Rina* thinks the same as she feels that in order for the USG to completely fulfill their duties, the student body should also cooperate. “The student body should work hand in hand with its government for a smoother and a more effective dissemination of roles,” she elaborates.
Lastly, Tria* thinks that as a student, one can contribute to the USG if they start voicing out opinions about them and their activities. “For so long, I’ve been keeping my mouth shut regarding the things they have done. Next school year, I want to be heard because I really think that the USG is not actually representing the student body,” she asserts. “I think now is the best time to stand up to them and make them realize that there’s something wrong with the system.”
Looking forward, final messages
“The USG may continue to innovate communication channels, find new ways to engage and get the participation of students, further engage the students in national affairs as we have started this year, and continue to push for relevant programs that would improve the student life of everyone in DLSU,” Otayza enumerates.
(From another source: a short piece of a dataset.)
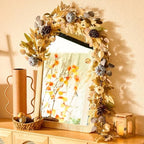 DecorbyHannah 6ft Fall Garland for Mantle with Lights, Pumpkin, Pinecone - Image 6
On the other hand, Sisayan emphasizes the need for the STCG to continue working towards collaboration.
“Personally, I think the next STCG should work on improving collaboration with different organizations. In this way, we get to create bigger opportunities for our fellow students. Inside the campus, I would like the STCG to have more collaboration projects with the Senior High School,” Sisayan explains. “The next steps would be to increase partnerships with the different offices inside the University.”
Tria believes that there should be proper implementation on each project. “All of the budget and other statistics should also be provided in their Facebook pages and websites because if the Philippine government and other agencies can provide that in their sites, why not our own University?” she questions.
Before ending the year, the USG officers express their gratitude to the student body for having been given the opportunity to initiate various programs and activities. “Whether it is the Manila or Laguna campus, [we] will soon be one of the greatest in our country. With this we have to keep on striving to help make the ambiance more vibrant, and to make the process and policies more conducive to our learning experience,” Sisayan concludes.
*Names with asterisks are pseudonyms.